#### [THE PROBLEM]
Copy every entry below exactly as it appears, leaving out the images.

RECORD EXTRACTS START

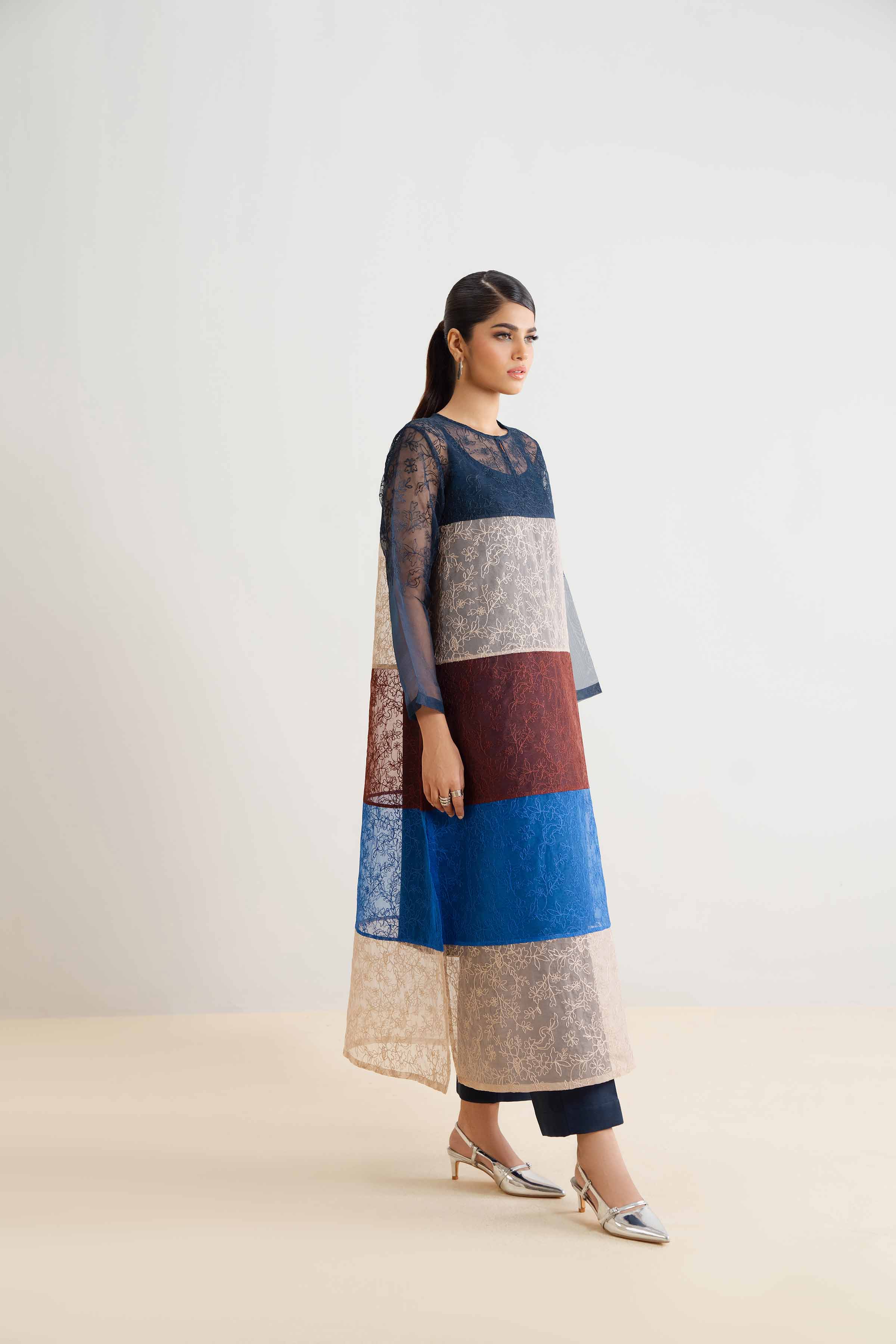 NishatUK - Brown Embroidered   Organza 2-piece ready to wear Dress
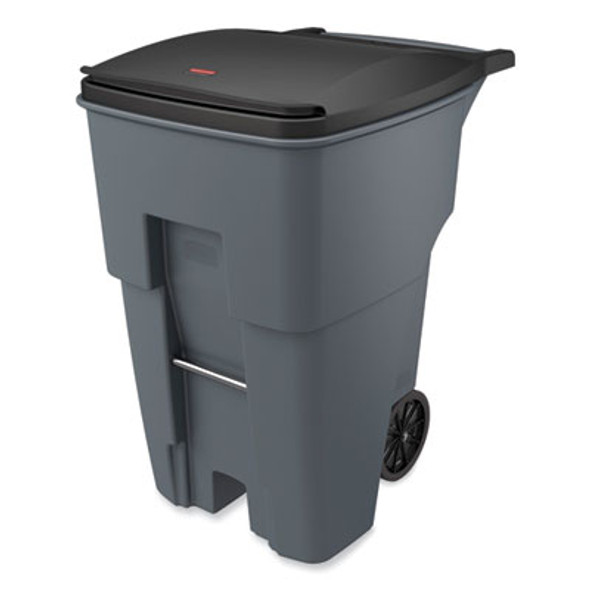 Brute Roll-Out Heavy-Duty Container, 95 Gal, Polyethylene, Gray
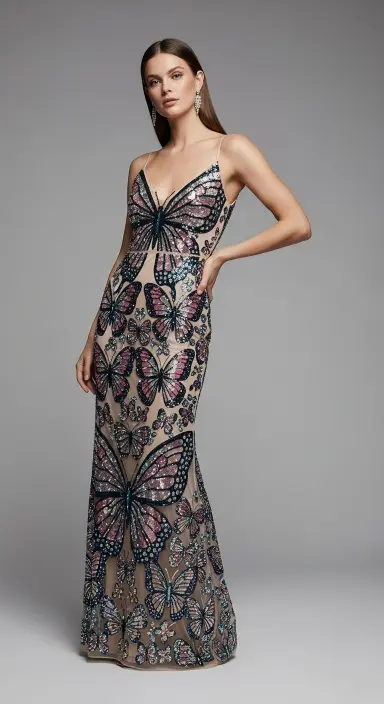 20 Stunning Ball Gowns for Your Next Formal Event 4 Sequin Butterfly Maxi Dress by Goddiva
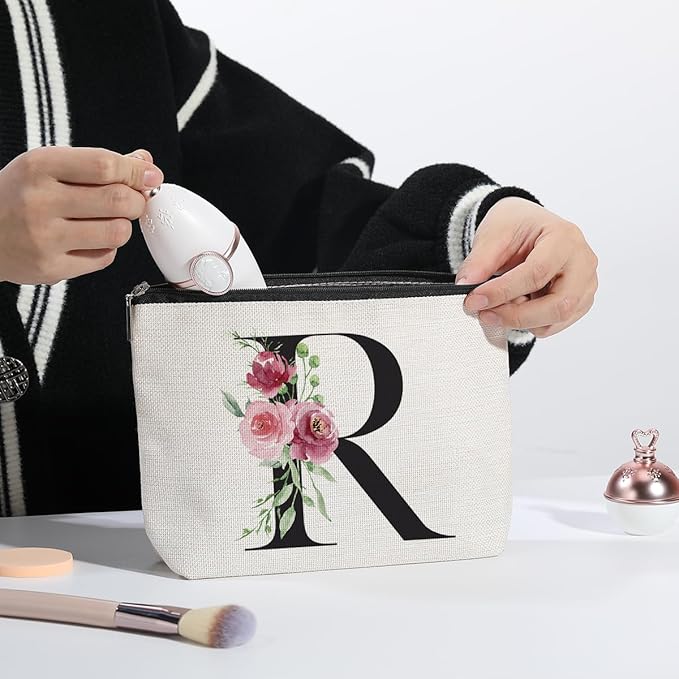 Initial Makeup Bag, Personalized Gifts for Women, Bridesmaid Gifts, Birthday Gifts for Women Mom, Gifts for Best Friend, Bride Bridesmaid Cosmetic bag (Letter R)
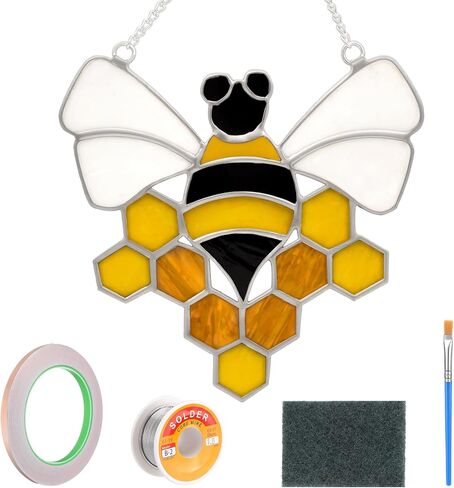 BreezeHug 1 مجموعات غير مكتملة من الزجاج الملون المقطوع مسبقًا على شكل نجمة القمر من الزجاج الملون DIY مع سلك لحام وفرشاة وشريط من رقائق النحاس للبالغين اصنع أعمالك اليدوية الفنية الجميلة لديكور المنزل in Kuwait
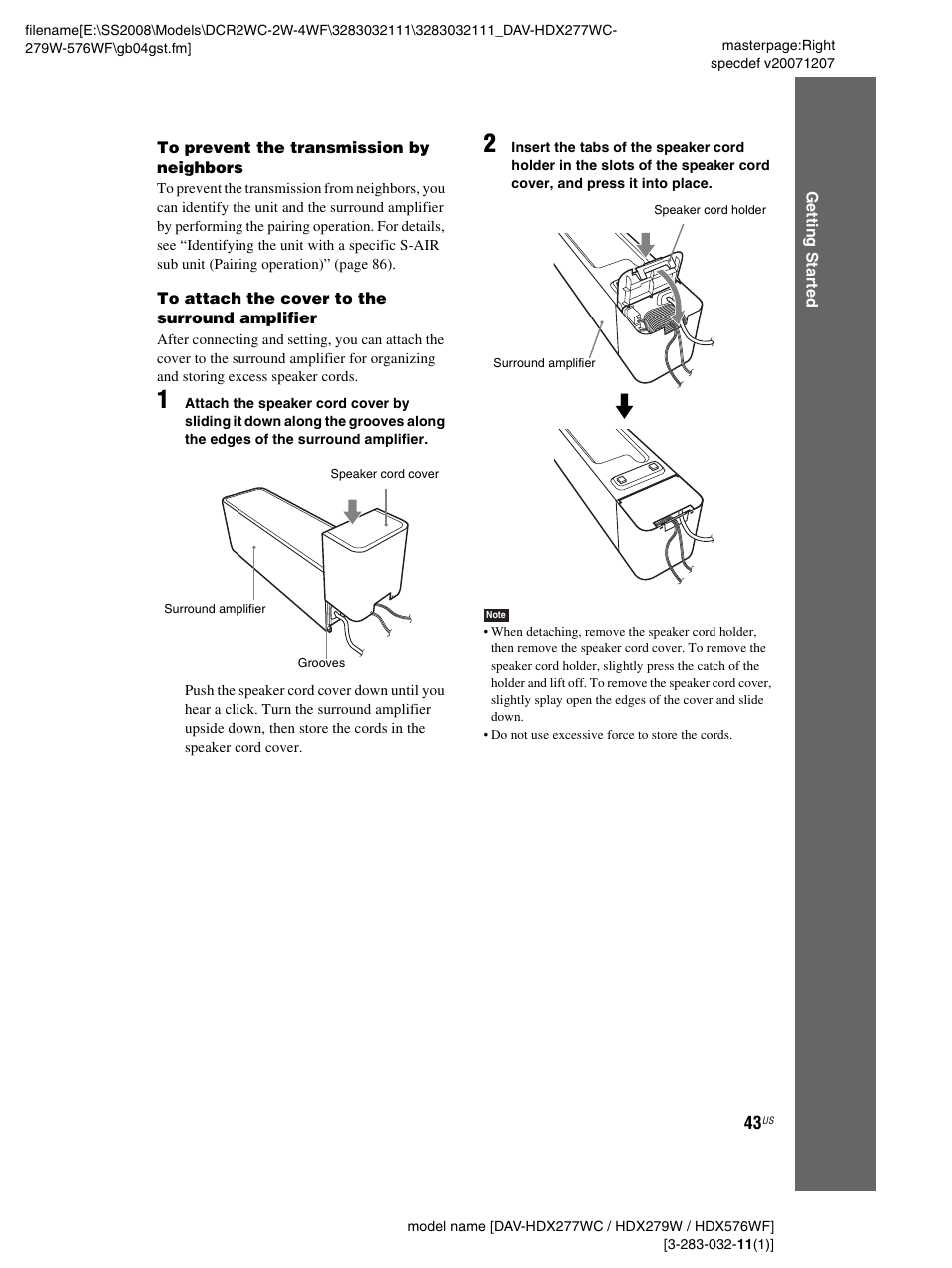 Sony DAV-HDX277WC User Manual | Page 43 / 124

RECORD EXTRACTS END

#### [PROBLEM SOLUTION]
 NishatUK - Brown Embroidered   Organza 2-piece ready to wear Dress
 Brute Roll-Out Heavy-Duty Container, 95 Gal, Polyethylene, Gray
 20 Stunning Ball Gowns for Your Next Formal Event 4 Sequin Butterfly Maxi Dress by Goddiva
 Initial Makeup Bag, Personalized Gifts for Women, Bridesmaid Gifts, Birthday Gifts for Women Mom, Gifts for Best Friend, Bride Bridesmaid Cosmetic bag (Letter R)
 BreezeHug 1 مجموعات غير مكتملة من الزجاج الملون المقطوع مسبقًا على شكل نجمة القمر من الزجاج الملون DIY مع سلك لحام وفرشاة وشريط من رقائق النحاس للبالغين اصنع أعمالك اليدوية الفنية الجميلة لديكور المنزل in Kuwait
 Sony DAV-HDX277WC User Manual | Page 43 / 124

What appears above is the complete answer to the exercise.